His empty eyes looked up from his chill blue face. Each time Grace used the
paddles, she wondered if he was not supposed to wake up.
When Edison was breathing, she went to work on Bill.
· · · · ·
"I saw great machines, walking across the land. Silhouetted in the setting sun,"
Edison said. "Leading us into it. Leading us into the bright future."
"I saw myself sitting alone in a room, surrounded by video displays," Bill said.
"Each one of them showed a different child's face."
"I think it means that we will continue to move forward," Edison said.
"I don't know what it means," Bill said.
Grace walked away from them. Their voices quickly faded in the rush of the wind.
"Where are you going, Miss Murray?" Edison said.
Grace kept walking.
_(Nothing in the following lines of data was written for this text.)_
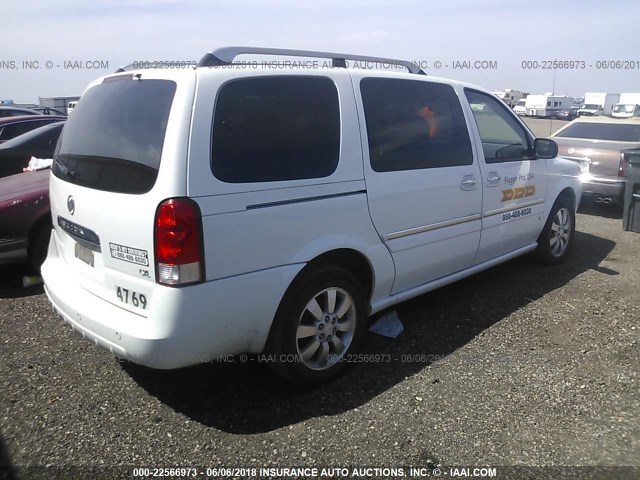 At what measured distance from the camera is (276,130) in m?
2.85

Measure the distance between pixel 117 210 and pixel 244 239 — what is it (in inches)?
25.9

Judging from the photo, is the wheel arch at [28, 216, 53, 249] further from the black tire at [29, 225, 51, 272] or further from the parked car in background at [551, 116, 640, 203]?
the parked car in background at [551, 116, 640, 203]

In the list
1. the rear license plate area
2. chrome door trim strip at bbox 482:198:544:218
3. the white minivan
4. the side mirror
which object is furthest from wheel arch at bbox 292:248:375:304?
the side mirror

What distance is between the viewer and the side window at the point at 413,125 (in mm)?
3332

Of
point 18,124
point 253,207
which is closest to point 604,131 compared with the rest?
point 253,207

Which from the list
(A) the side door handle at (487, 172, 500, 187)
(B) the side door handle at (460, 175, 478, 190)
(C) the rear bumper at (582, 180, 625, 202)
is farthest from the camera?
(C) the rear bumper at (582, 180, 625, 202)

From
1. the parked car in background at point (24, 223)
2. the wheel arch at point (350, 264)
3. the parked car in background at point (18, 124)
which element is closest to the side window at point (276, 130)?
the wheel arch at point (350, 264)

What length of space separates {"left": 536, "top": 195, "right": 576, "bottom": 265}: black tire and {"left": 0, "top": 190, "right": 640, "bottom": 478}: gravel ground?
40.3 inches

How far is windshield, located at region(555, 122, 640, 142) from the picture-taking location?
27.3ft

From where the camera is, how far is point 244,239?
104 inches

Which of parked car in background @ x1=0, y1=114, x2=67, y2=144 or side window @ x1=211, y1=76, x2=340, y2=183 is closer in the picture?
side window @ x1=211, y1=76, x2=340, y2=183

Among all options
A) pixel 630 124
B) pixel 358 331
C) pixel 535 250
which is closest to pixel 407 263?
pixel 358 331

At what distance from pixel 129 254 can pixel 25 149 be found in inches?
192

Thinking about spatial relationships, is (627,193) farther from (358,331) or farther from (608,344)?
(358,331) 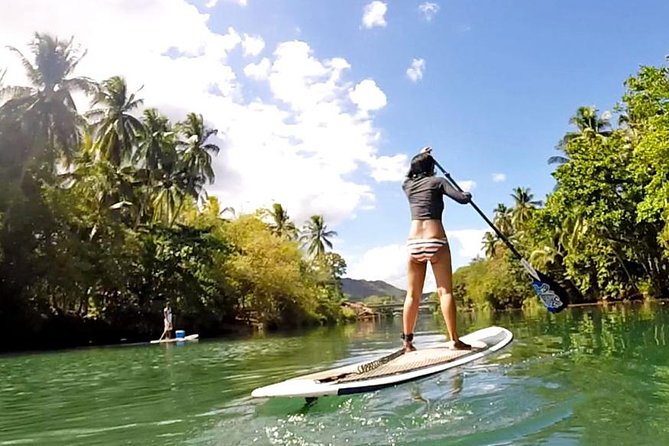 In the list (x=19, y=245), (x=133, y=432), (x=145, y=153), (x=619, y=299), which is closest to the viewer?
(x=133, y=432)

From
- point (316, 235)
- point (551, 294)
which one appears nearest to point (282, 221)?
point (316, 235)

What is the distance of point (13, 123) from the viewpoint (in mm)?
26969

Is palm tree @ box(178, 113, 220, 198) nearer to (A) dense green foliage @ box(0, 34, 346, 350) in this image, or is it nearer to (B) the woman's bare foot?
(A) dense green foliage @ box(0, 34, 346, 350)

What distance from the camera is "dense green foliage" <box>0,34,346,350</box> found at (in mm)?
26172

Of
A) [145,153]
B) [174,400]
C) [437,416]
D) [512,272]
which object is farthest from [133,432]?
[512,272]

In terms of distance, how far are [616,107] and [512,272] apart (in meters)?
34.5

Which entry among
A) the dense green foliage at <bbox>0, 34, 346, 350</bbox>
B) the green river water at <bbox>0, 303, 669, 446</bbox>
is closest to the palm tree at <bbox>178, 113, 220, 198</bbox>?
the dense green foliage at <bbox>0, 34, 346, 350</bbox>

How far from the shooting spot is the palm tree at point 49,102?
2744 centimetres

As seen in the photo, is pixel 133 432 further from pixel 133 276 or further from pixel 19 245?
pixel 133 276

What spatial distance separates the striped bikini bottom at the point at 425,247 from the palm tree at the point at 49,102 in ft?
82.6

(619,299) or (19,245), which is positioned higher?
(19,245)

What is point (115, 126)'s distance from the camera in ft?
119

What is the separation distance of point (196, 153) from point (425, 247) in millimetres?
36699

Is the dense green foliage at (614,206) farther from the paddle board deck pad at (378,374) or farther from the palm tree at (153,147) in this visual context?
the palm tree at (153,147) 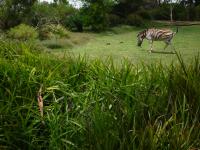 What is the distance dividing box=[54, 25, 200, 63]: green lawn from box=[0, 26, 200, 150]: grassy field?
350 cm

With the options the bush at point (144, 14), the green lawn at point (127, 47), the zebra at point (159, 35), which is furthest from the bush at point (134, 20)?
the zebra at point (159, 35)

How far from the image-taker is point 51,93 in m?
3.41

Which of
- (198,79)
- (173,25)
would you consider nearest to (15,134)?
(198,79)

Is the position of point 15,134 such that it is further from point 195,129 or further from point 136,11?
point 136,11

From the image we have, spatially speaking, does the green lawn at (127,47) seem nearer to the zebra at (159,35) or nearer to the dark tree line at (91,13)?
the zebra at (159,35)

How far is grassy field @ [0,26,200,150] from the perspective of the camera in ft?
8.74

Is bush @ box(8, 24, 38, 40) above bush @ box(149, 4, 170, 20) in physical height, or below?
above

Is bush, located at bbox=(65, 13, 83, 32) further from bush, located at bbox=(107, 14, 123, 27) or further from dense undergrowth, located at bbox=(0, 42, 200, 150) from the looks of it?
dense undergrowth, located at bbox=(0, 42, 200, 150)

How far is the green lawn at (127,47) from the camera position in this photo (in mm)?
8141

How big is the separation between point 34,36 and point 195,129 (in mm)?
6857

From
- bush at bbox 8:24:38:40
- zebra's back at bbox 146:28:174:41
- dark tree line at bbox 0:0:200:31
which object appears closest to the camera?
bush at bbox 8:24:38:40

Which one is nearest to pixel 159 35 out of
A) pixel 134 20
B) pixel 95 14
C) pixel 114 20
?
pixel 95 14

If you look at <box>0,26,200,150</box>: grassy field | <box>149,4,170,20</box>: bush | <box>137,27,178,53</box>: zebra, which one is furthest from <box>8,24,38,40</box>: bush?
<box>149,4,170,20</box>: bush

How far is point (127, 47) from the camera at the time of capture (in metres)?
9.59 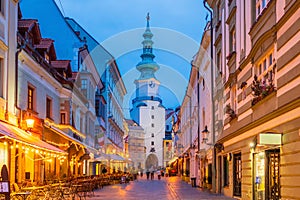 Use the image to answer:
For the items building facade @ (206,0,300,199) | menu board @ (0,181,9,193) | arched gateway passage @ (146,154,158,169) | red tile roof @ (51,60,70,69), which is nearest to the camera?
menu board @ (0,181,9,193)

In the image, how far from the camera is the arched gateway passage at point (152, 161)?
434ft

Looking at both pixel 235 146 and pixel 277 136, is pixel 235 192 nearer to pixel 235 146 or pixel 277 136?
pixel 235 146

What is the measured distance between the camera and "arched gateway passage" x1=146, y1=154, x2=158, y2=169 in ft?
434

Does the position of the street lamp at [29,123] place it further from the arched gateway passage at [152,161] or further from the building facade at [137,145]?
the arched gateway passage at [152,161]

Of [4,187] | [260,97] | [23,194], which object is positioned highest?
[260,97]

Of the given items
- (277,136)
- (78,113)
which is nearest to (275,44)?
(277,136)

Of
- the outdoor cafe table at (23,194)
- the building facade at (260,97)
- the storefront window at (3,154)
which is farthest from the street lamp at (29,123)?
the building facade at (260,97)

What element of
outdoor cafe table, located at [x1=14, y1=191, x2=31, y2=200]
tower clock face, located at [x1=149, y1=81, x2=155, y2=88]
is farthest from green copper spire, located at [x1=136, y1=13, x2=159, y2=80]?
outdoor cafe table, located at [x1=14, y1=191, x2=31, y2=200]

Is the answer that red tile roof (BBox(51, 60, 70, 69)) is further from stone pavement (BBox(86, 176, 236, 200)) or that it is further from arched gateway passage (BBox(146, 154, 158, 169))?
arched gateway passage (BBox(146, 154, 158, 169))

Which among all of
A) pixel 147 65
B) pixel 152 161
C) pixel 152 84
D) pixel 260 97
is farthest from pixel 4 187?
pixel 152 161

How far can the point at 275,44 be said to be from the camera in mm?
14328

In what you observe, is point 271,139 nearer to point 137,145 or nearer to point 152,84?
point 152,84

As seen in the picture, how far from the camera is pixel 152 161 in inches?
5344

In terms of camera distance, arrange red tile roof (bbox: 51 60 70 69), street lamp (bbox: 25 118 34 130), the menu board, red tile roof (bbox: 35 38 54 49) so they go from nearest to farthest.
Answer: the menu board < street lamp (bbox: 25 118 34 130) < red tile roof (bbox: 35 38 54 49) < red tile roof (bbox: 51 60 70 69)
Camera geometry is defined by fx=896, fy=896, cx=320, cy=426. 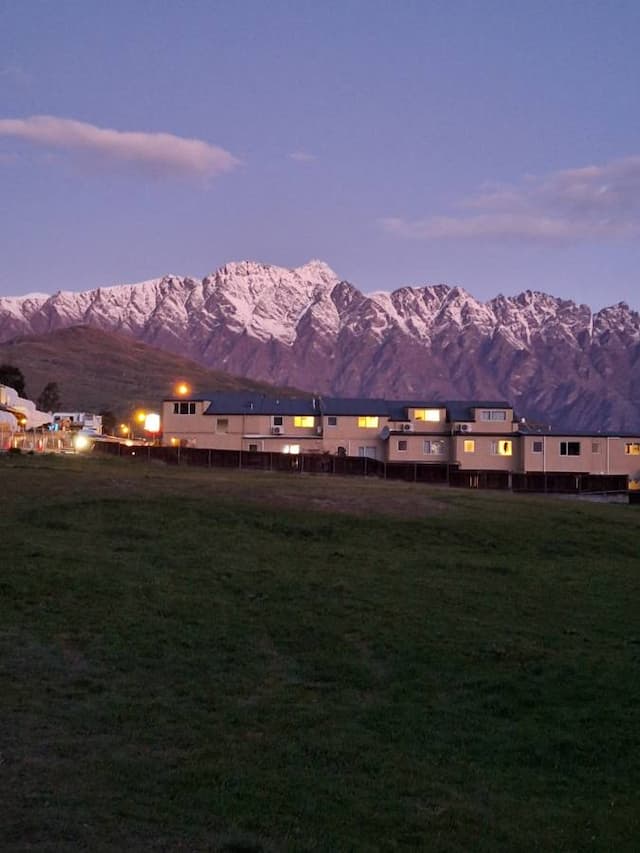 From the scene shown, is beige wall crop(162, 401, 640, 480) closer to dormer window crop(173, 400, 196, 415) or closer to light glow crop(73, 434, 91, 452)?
dormer window crop(173, 400, 196, 415)

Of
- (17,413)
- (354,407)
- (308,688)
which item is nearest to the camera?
(308,688)

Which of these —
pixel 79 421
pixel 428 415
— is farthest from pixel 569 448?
pixel 79 421

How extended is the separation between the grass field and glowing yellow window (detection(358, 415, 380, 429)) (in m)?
50.2

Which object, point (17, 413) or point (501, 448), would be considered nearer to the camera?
point (501, 448)

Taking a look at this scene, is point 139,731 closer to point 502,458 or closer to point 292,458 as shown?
point 292,458

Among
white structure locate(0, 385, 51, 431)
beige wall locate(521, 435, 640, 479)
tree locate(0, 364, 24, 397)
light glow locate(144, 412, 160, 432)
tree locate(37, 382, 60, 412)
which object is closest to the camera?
white structure locate(0, 385, 51, 431)

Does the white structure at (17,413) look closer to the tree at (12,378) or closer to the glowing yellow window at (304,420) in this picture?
the tree at (12,378)

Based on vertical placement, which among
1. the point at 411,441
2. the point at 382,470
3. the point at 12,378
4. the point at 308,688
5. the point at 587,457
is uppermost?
the point at 12,378

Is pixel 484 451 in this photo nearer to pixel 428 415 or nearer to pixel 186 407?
pixel 428 415

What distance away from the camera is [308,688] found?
1652 centimetres

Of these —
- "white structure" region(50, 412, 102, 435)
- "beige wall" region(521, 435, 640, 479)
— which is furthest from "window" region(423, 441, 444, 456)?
"white structure" region(50, 412, 102, 435)

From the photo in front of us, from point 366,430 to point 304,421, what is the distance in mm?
5975

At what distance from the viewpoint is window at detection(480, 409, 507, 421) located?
82.9 metres

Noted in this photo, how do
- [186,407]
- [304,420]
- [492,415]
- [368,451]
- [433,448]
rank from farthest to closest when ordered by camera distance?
[186,407]
[304,420]
[368,451]
[492,415]
[433,448] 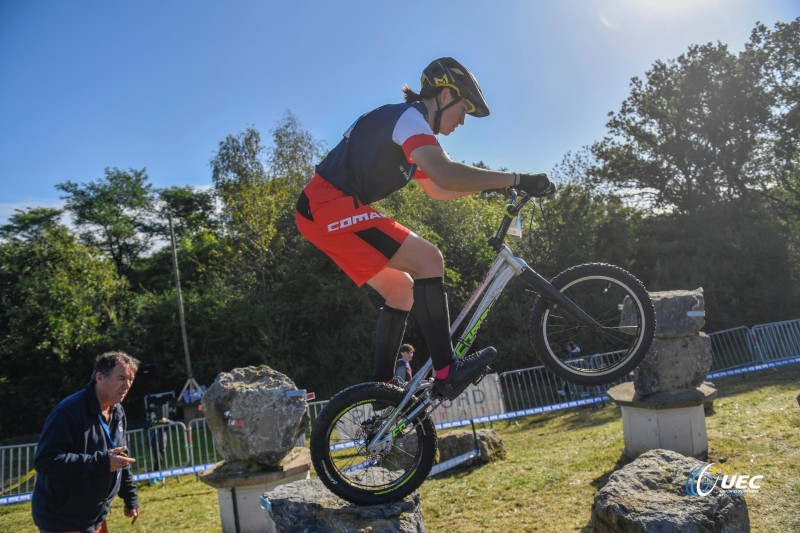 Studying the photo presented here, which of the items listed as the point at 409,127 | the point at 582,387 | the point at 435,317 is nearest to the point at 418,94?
the point at 409,127

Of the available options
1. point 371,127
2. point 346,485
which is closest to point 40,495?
point 346,485

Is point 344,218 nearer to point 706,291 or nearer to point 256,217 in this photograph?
point 256,217

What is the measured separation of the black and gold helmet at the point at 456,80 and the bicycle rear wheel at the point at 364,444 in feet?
6.41

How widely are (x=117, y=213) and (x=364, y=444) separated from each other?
38108mm

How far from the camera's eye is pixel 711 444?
8.23 metres

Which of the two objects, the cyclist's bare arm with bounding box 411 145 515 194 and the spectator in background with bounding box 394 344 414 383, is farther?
the spectator in background with bounding box 394 344 414 383

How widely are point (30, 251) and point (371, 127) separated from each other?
2571cm

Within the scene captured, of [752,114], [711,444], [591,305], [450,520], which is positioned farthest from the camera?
[752,114]

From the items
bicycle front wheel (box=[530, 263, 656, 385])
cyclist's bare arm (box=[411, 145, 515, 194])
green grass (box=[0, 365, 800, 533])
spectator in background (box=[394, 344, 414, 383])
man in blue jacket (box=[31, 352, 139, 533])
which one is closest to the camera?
cyclist's bare arm (box=[411, 145, 515, 194])

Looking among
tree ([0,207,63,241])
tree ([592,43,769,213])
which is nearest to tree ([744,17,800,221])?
tree ([592,43,769,213])

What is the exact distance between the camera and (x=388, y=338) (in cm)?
387

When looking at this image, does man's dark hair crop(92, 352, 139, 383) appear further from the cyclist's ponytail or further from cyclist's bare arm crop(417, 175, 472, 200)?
the cyclist's ponytail

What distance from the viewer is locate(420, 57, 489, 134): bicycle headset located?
11.9 ft

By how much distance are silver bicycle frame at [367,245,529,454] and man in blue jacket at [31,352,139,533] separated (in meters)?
1.97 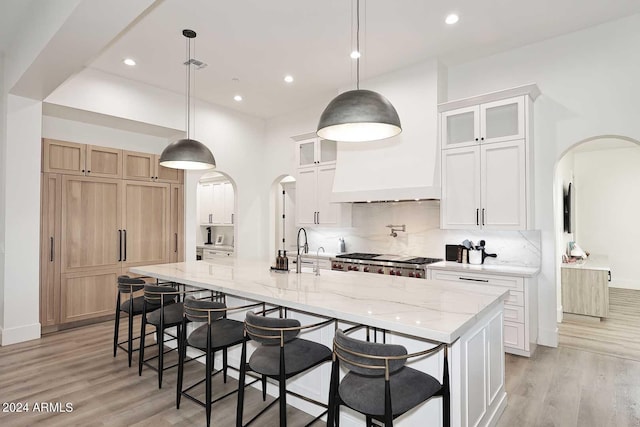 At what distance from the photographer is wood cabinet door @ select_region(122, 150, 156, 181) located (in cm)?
517

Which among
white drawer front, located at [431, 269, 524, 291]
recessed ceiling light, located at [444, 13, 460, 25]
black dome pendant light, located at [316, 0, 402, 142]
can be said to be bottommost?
white drawer front, located at [431, 269, 524, 291]

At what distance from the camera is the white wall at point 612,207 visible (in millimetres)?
6973

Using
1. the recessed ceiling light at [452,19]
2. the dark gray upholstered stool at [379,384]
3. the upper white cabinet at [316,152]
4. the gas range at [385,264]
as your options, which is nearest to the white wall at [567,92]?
the recessed ceiling light at [452,19]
She heard the sound of shuffling feet behind her, but she
paid them no mind.
Because she'd had her own vision, looking up at the blank sky. Computers
didn't have to be computers. Data didn't have to be transparent. There was
no reason an integrated processor couldn't be put in a phone. Or a television.
And there was no reason they had to send the data as a simple stream of bits,
easily decodable. There could be locks and keys.
She saw herself handing Edison a letter of resignation. She saw herself
recruiting Dr. Moore. She saw them developing things that acted like computers
but skirted all of Edison's patents. Things that whispered untraceable data over
the phone lines and through the satellites. She saw people using them, telling
their stories, revealing the truth of the world. The real Rectification.
What I owe them all, Grace thought.
It wasn't any mystical vision; it was no different than the daydreams of a
million happy children, unaware that the world conspired to crush their dreams.
"Where are you going?" Edison yelled.
Grace smiled. Wherever I want, she thought.